The zoo in the Spanish city has been ordered to restrict reproduction unless the young are to be reintroduced into the wild.

A little girl points at a family of Bornean orangutans at the zoo in Barcelona, Spain (Renata Brito/AP)
A little girl points at a family of Bornean orangutans at the zoo in Barcelona, Spain (Renata Brito/AP)

Animal rights activists in Barcelona are celebrating a victory after the Spanish city ordered its municipal zoo to restrict the reproduction of captive animals unless their young are destined to be reintroduced into the wild.

Barcelona’s town council voted on May 3 to modify the zoo’s bylaws to include a rule by which any of its breeding programmes will be stopped unless there is a plan to eventually release the offspring into nature.

“We want zoos to stop breeding animals that do not respond to an environmental strategy, breeding them just so they can be in front or inside a cage,” said activist Leonardo Anselmi, who coordinates Zoo XXI, the animal rights group that successfully pushed for the new mandate.

The mandate was passed along with a new strategic plan for the zoo crafted by its staff that will task a committee of scientists and ethical experts with one year to determine a conservation plan for each of the 300 different species housed at the zoo.

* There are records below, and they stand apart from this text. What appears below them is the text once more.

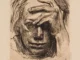 Käthe Kollwitz, Radierung: Gesicht einer Frau, von einer Hand halb verdeckt, expressive Strichführung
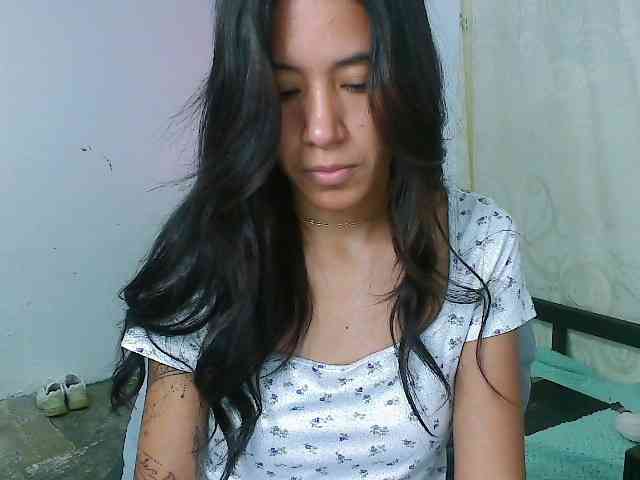 pielcanela webcam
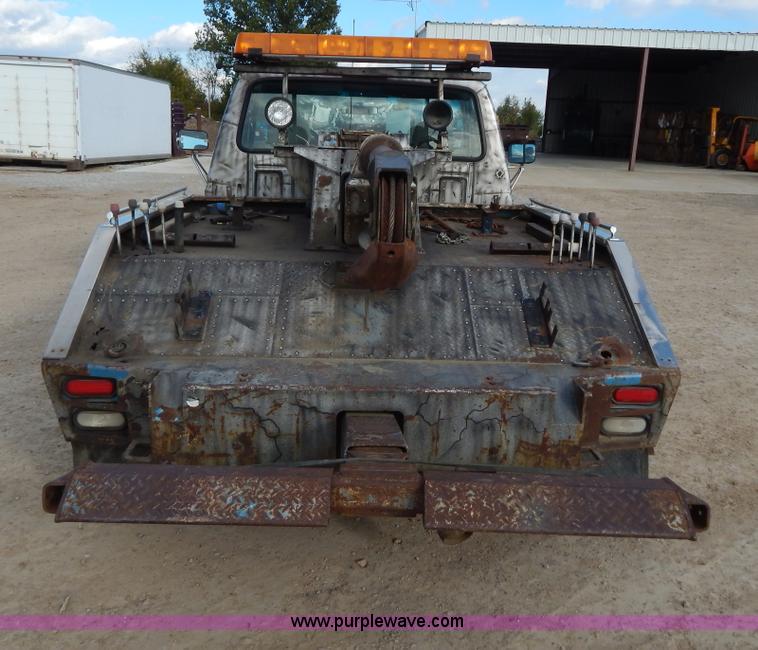 image for item B5944 1994 Ford F350 XL tow truck
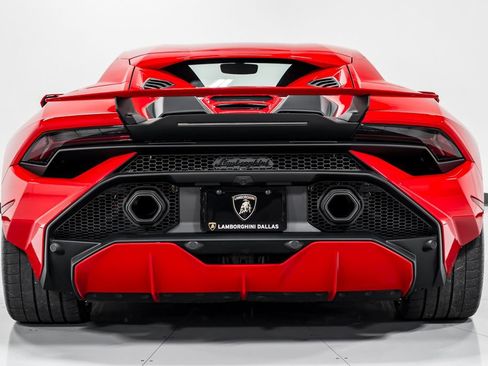 Used 2023 Lamborghini Huracan Tecnica RWD image 4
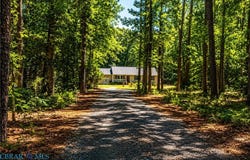 8253 Manor Drive, Gloucester, VA 23061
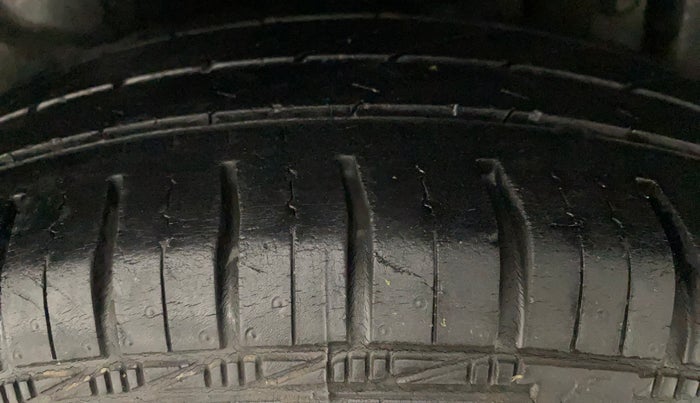 2012 Maruti Swift Dzire VXI, Petrol, Manual, 67,315 km, Left Rear Tyre Tread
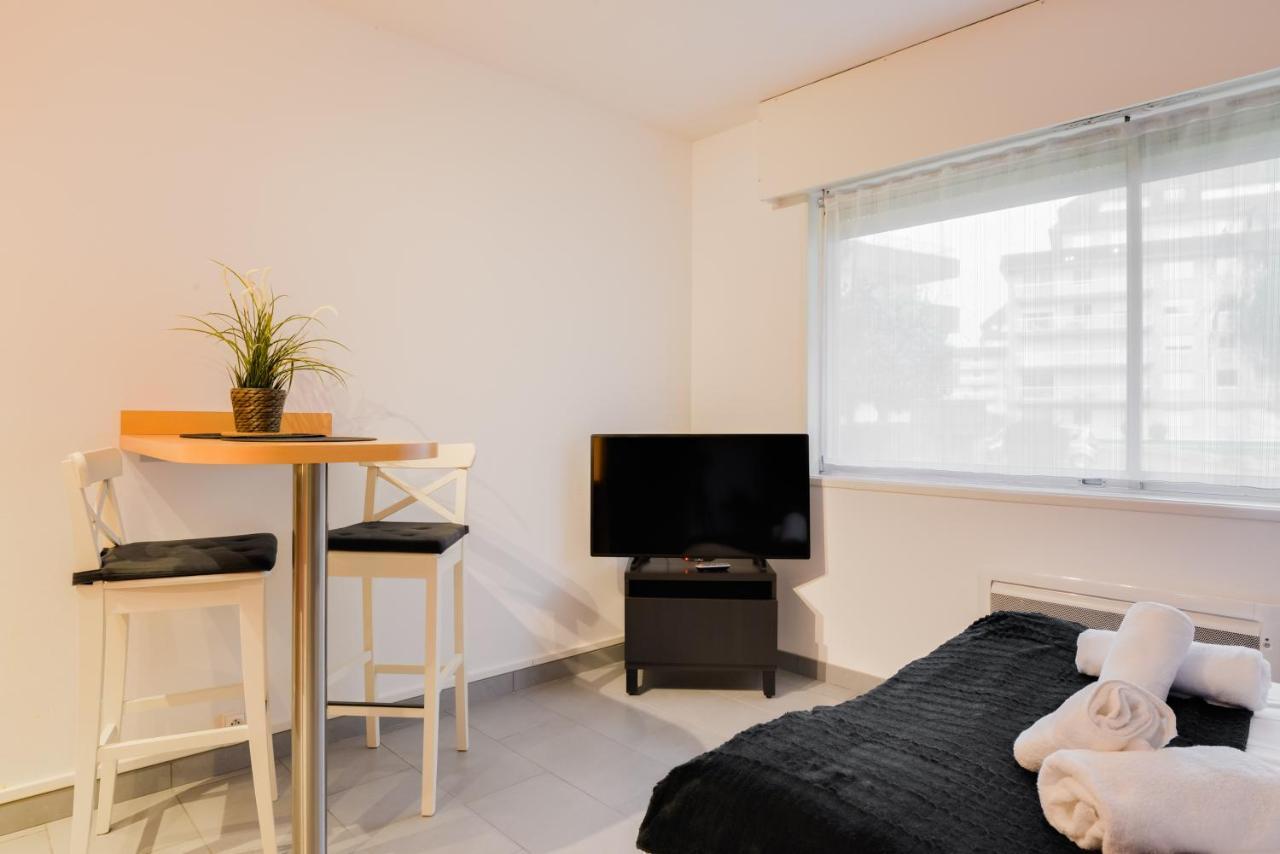 Saint Peres-Sleep In Normandie Apartment ก็อง ภายนอก รูปภาพ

Pedro, a 45-year-old white rhinoceros eats a baguette for breakfast together with a peacock and pigeons in his enclosure at the zoo in Barcelona, Spain (Renata Brito/AP)

Those resulting plans will have to be implemented within three years.

Any animals the committee thinks should leave the zoo will, in theory, be reintroduced into the wild or relocated at other zoos or sanctuaries.

The bylaw says it is adopting a stance of “compassionate conservation” that sees “animals are beings deserving our respect.”

The goal is to convert the zoo, which was built inside a park in the city centre in 1892, into a centre focused on education and research, and a refuge for animals that can no longer survive in liberty.

Currently the zoo hosts several animals in this condition, including elephants, tortoises and Pedro, a 45-year-old rhinoceros who eats baguettes for breakfast.

But some zookeepers are worried that reproduction restrictions could do more harm than good and held a strike early this month to voice their concern.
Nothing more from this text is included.